Derived quantities based on parameters belong in `transform`.

Likelihood and priors belong in `model`.

Generated quantities belong in `generate`.

Keeping this separation makes `print_code()` readable and improves the stability of pre-checks and automatic differentiation.

# 11. Relationship to Stan, TMB, and RTMB

BayesRTMB uses RTMB as its computational backend. RTMB is an R interface to TMB's automatic differentiation engine.

BayesRTMB is similar to Stan in that users write probabilistic models with constrained parameters and priors. It differs in that model code is written as R expressions through `rtmb_code()`, rather than in a separate Stan language file.

| Topic | BayesRTMB | Stan |
|---|---|---|
| Model language | R through `rtmb_code()` | Stan language |
| Automatic differentiation | RTMB / TMB | Stan Math |
| Constraints | `Dim()` and internal transformations | Stan parameter constraints |
| Inference | MAP / classic / NUTS / ADVI | MAP / NUTS / ADVI and others |
| Wrappers | `rtmb_lm()`, `rtmb_glmer()`, and others | Usually hand-written models |
| Generated model inspection | `print_code()` | Stan code itself |

# 12. Summary

BayesRTMB's internal structure can be summarized as follows.

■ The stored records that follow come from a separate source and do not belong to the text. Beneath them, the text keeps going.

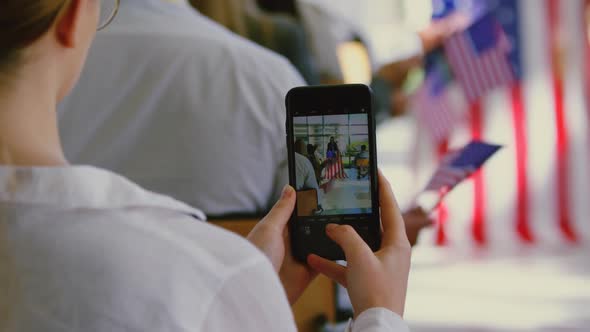 Businesswoman clicking photo of speaker with mobile phone in a political campaign 4k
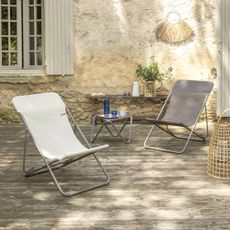 A set of two deckchairs in an outdoor space with a wooden deck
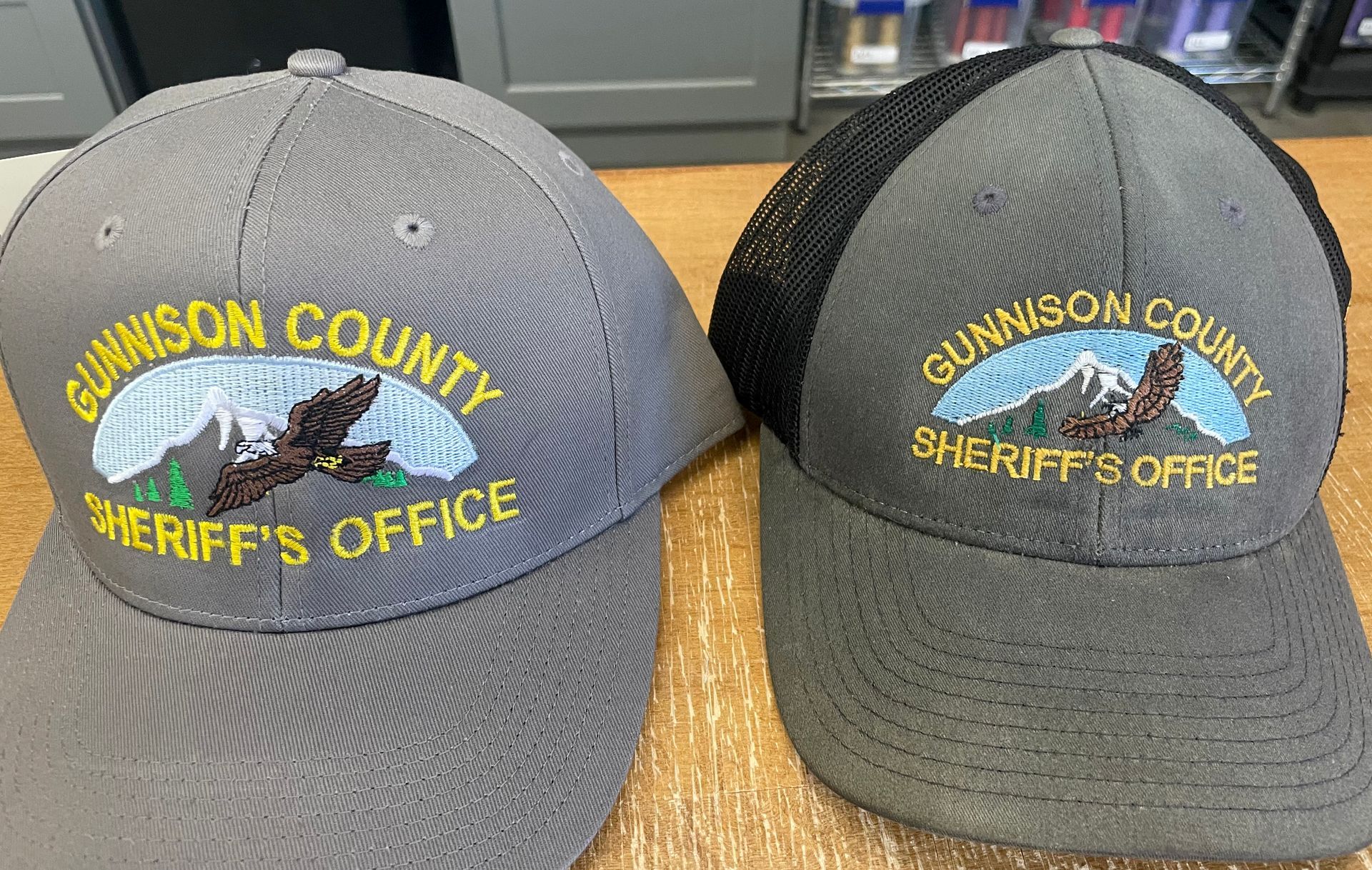 Two gunnson county sheriff 's office hats are sitting on a table.
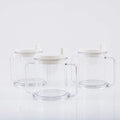Transparent spill-proof lightweight plastic drinking cup on a table.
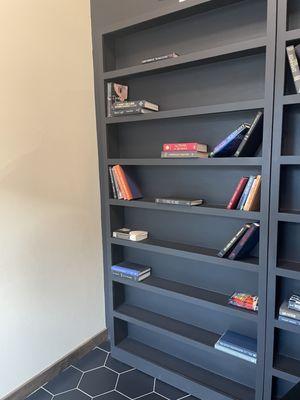 You enter through a bookshelf by giving a password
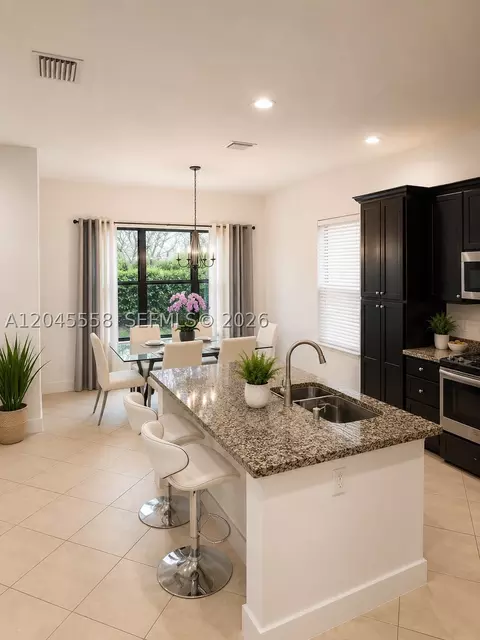 Kitchen - 3209 W 98th Pl, Hialeah, FL 33018 photo 2 of 2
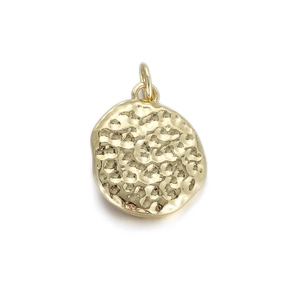 Macro-opname van de onregelmatige gouden hanger met gehamerde textuur en metalen ring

- `rtmb_code()` describes a model as a block-structured object.
- `rtmb_model()` checks the data and code, then creates an `RTMB_Model`.
- `RTMB_Model` stores model code, data, parameter declarations, transformations, generated quantities, and wrapper metadata.
- `build_ad_obj()` creates the automatic differentiation object used by `RTMB::MakeADFun()`.
- `sample()`, `optimize()`, `variational()`, and `classic()` run different inference methods from the same model representation.
- `optimize()` and `classic()` share a low-level engine, but their responsibilities and return objects are distinct.
- For Laplace approximation, the distinction between `random = TRUE`, `marginal_vars`, and `laplace_random_vars` is important.

For practical model-writing examples, see [Writing Model Codes](writing_models.html). To understand wrapper-generated models, see [Wrapper Functions](wrapper_functions.html) and `print_code()`. For a detailed mixed-model and GLMM workflow, see [Hierarchical Models and GLMMs](rtmb_glmer.html).